Namens het hoofd van de inrichting is in beroep het tegenover de beklagcommissie ingenomen standpunt als volgt toegelicht. Volgens de huisregels van de inrichting valt zowel het verkopen als het uitlenen onder handel en dat mag niet zonder toestemming
van de zorgmanager plaatsvinden. De desbetreffende medepatiënt heeft ook beklag tegen de inbeslagname van de Xbox ingediend. De beklagcommissie heeft voorgesteld een mediator in te schakelen. De inrichting ziet dit als een probleem van twee patiënten,
dat zij zelf moeten oplossen. Beide patiënten worden verdacht van handel in drugs.

3. De beoordeling
Volgens artikel 8.5.4 van de huisregels van de inrichting -voor zover hier van belang- is onderlinge handel slechts mogelijk na toestemming van de zorgmanager en bij volledige en directe betaling. Onder handel wordt ook verstaan het schenken, uitlenen,
ruilen et cetera van goederen.

Vast staat dat de bij de medepatiënt aangetroffen Xbox in beslag is genomen om duidelijkheid te verkrijgen over de vraag of deze medepatiënt dan wel klager eigenaar van de Xbox is. Klager stelt de Xbox te hebben uitgeleend aan de medepatiënt met het
doel deze aan hem te verkopen als deze zou bevallen. De medepatiënt stelt de Xbox voor € 100,= van klager te hebben gekocht.
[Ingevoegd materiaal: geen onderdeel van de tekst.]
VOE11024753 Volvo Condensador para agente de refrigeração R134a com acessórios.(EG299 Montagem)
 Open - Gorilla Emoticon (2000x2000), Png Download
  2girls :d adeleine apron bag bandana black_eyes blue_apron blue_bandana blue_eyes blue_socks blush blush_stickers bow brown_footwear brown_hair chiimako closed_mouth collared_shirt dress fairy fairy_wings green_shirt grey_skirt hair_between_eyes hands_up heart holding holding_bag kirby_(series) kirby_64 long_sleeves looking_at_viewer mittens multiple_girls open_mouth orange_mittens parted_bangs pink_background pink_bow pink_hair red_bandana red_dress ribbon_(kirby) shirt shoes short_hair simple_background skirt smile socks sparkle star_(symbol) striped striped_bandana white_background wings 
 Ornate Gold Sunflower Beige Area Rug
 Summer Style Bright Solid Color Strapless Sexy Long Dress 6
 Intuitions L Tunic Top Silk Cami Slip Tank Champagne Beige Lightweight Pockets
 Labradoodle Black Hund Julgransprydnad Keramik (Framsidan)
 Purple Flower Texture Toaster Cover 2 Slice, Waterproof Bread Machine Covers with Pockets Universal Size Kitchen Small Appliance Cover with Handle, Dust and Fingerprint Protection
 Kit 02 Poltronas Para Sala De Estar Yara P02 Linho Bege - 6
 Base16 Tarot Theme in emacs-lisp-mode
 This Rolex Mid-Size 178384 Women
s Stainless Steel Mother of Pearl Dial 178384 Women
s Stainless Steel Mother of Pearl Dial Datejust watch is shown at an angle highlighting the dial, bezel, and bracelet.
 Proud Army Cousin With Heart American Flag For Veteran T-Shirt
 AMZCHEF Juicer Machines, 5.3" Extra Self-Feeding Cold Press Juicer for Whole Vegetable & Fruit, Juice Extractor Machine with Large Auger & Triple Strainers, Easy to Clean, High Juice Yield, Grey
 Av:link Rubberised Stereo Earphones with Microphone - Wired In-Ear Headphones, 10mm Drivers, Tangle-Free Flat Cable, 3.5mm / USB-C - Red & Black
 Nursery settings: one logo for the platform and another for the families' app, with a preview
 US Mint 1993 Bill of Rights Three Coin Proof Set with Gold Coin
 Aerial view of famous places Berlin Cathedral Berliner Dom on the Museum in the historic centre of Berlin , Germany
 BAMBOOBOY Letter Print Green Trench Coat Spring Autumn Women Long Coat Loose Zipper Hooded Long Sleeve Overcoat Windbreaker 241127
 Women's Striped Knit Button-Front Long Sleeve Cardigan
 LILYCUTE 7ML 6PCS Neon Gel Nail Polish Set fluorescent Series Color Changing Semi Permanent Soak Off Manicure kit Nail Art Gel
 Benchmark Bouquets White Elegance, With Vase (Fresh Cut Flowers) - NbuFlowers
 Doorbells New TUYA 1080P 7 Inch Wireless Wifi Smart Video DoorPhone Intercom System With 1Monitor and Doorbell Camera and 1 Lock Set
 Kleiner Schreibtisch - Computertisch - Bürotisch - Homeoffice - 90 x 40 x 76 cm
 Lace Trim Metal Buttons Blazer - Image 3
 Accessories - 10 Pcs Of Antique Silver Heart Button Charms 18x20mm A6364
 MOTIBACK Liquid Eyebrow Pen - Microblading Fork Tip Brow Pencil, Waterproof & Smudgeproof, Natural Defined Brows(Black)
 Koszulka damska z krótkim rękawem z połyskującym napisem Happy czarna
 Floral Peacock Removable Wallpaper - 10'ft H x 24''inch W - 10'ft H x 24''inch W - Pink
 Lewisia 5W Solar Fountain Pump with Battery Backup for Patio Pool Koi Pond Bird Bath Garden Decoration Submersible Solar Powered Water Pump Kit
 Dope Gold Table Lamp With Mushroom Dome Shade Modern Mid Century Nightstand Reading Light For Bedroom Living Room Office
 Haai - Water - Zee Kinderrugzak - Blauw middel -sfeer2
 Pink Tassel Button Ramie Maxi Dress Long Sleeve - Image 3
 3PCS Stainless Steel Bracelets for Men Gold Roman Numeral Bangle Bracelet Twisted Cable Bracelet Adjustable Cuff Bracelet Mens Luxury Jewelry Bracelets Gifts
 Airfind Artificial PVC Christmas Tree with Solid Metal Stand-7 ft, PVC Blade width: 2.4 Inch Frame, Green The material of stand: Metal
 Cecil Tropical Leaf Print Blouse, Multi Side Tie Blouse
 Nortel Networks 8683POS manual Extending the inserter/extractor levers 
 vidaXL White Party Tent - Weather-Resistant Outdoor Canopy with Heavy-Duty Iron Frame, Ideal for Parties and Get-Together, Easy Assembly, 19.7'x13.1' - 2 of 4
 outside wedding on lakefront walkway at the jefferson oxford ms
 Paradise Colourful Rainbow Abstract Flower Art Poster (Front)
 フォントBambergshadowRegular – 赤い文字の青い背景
Onduidelijk is wat er precies is gebeurd maar wel duidelijk is dat een en ander heeft plaatsgevonden zonder toestemming van de
zorgmanager nu door klager en zijn medepatiënt nooit een aanvraag voor deze handel is ingediend.

De in het proces-verbaal van de zitting van de beklagcommissie opgenomen verklaring van de zorgmanager dat in het algemeen ongetwijfeld onderling wordt geleend zonder contract en toestemming, kan naar het oordeel van de beroepscommissie niet anders
gelezen worden dan dat de zorgmanager heeft bedoeld te zeggen dat van uitlenen zonder toestemming sprake zal zijn, maar niet dat dit is toegestaan.

De beroepscommissie acht, evenals de beklagcommissie, de inbeslagname van de Xbox vanwege de bestaande onduidelijkheid wie daarvan eigenaar is niet onredelijk of onbillijk. Het beroep zal daarom ongegrond worden verklaard.

4. De uitspraak
De beroepscommissie verklaart het beroep ongegrond en bevestigt de uitspraak van de beklagcommissie.

Aldus gegeven door de beroepscommissie voornoemd, bestaande uit mr. N. Jörg, voorzitter, mr. C.A.M. Schaap-Meulemeester en drs. J.E. Wouda, leden, in tegenwoordigheid van mr. E.W. Bevaart, secretaris, op 11 december 2015.